Apesar do empenho do Will, “Lenda” decepciona. O melhor de “Extermínio” era a chance de ver Londres vazia. Agora é Nova York. Vamos falar a verdade: essa é disparada a maior atração. No entanto, o filme não tem muito clima, e o final é extremamente religioso (pra agradar a direita cristã?). A gente vê que os mortos-vivos são fortes e rápidos, mas eles não falam e não parecem ter alguma inteligência. Então como armam uma armadilha pro herói? E ter um sobrevivente “escondido” perde a graça. É mais charmoso que todos os outros seres saibam onde ele vive e queiram a sua caveira. E que ele sobreviva por ter montado um hiper castelo tecnológico à prova de zumbis. Aliás, será que sou a única mulher na Terra que acha que esses zumbis e animais gerados por computador se parecem exatamente com zumbis e animais gerados por computador? Tô me tornando especialista em identificar de longe um efeito especial digitalizado. Aqueles veadinhos todos foram aproveitados de algum videogame? E não gosto que façam testes com animais, nem que seja pra salvar a humanidade, da qual não sobra grande coisa mesmo. Tem uma brasileira na jogada, a Alice Braga (que tá em “Cidade de Deus”). Mas melhor nem falar nela porque meio que entrega a história. Digamos assim, se todo mundo é um bando de zumbi gerado por computador, o Will é o último homem da Terra, e a Alice não interpreta o cão ou um zumbi, mencionar a presença de outra pessoa estraga a surpresa. Portanto, pobre Alice. Ela aparece num mega arrasa-quarteirão hollywoodiano e a crítica finge que ela não existe.

Ou vai que o problema de “Lenda” não seja com o filme em si, mas com todo um gênero? Um sujeito da revista “Entertainment Weekly” escreveu uma análise interessante sobre por que a ficção cientítica é o gênero que mais precisa de uma refrescada – não existem idéias novas.
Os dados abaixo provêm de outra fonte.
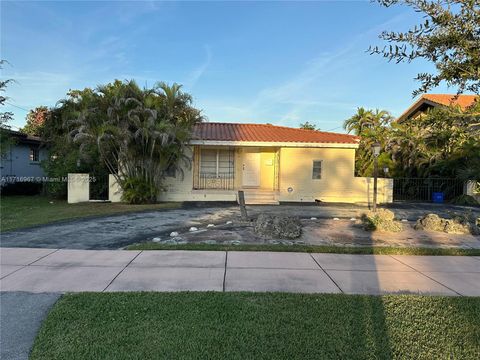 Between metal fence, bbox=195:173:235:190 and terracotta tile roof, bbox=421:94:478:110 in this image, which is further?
metal fence, bbox=195:173:235:190

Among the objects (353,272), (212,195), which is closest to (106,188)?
(212,195)

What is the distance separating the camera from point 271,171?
63.7ft

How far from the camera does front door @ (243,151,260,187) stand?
18.9m

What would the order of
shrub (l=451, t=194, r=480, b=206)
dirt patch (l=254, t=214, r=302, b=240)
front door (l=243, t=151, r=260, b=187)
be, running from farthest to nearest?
front door (l=243, t=151, r=260, b=187), shrub (l=451, t=194, r=480, b=206), dirt patch (l=254, t=214, r=302, b=240)

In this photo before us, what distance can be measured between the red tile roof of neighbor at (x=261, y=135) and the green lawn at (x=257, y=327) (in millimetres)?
13509

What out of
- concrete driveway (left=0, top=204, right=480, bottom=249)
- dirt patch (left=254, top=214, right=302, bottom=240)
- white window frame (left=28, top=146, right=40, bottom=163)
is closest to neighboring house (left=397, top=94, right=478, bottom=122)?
dirt patch (left=254, top=214, right=302, bottom=240)

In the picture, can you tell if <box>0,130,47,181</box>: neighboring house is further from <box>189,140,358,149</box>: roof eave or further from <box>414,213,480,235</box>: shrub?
<box>414,213,480,235</box>: shrub

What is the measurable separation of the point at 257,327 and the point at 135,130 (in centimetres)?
1251

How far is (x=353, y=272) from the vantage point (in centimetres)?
561

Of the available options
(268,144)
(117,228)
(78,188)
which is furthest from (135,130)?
(268,144)

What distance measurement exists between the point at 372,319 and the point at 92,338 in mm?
3023

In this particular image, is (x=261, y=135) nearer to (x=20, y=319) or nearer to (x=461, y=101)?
(x=461, y=101)

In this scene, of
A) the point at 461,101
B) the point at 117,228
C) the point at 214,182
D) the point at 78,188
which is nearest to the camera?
the point at 461,101

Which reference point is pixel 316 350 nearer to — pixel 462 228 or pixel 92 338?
pixel 92 338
Aproveitam uma história de 50 anos atrás como “Lenda”, relançam “Blade Runner” (de 82) num estojo com cinco DVDs, insistem em repetir Aliens e Predadores, e logo logo soltam o remake de “O Incrível Homem que Encolheu”... Realmente, olhar pro futuro viria a calhar.


P.S.: Tá, talvez você conheça o Richard Matheson dos filmes acima, relacionado ao gênero da ficção cientítica. Mas sabia que “Em Algum Lugar do Passado” também é baseado num de seus livros? Pode ser que eu esteja exagerando, mas esse romance melodramático de 1980 marcou toda uma geração de mulheres (as coisas que marcam nem sempre são de boa qualidade. “Flashdance”, por exemplo, é inesquecível). Lembra do Christopher Reeve voltando no tempo pra encontrar a amada, Jane Seymour? É brega e água-com-açúcar, mas recomendo essa volta ao passado.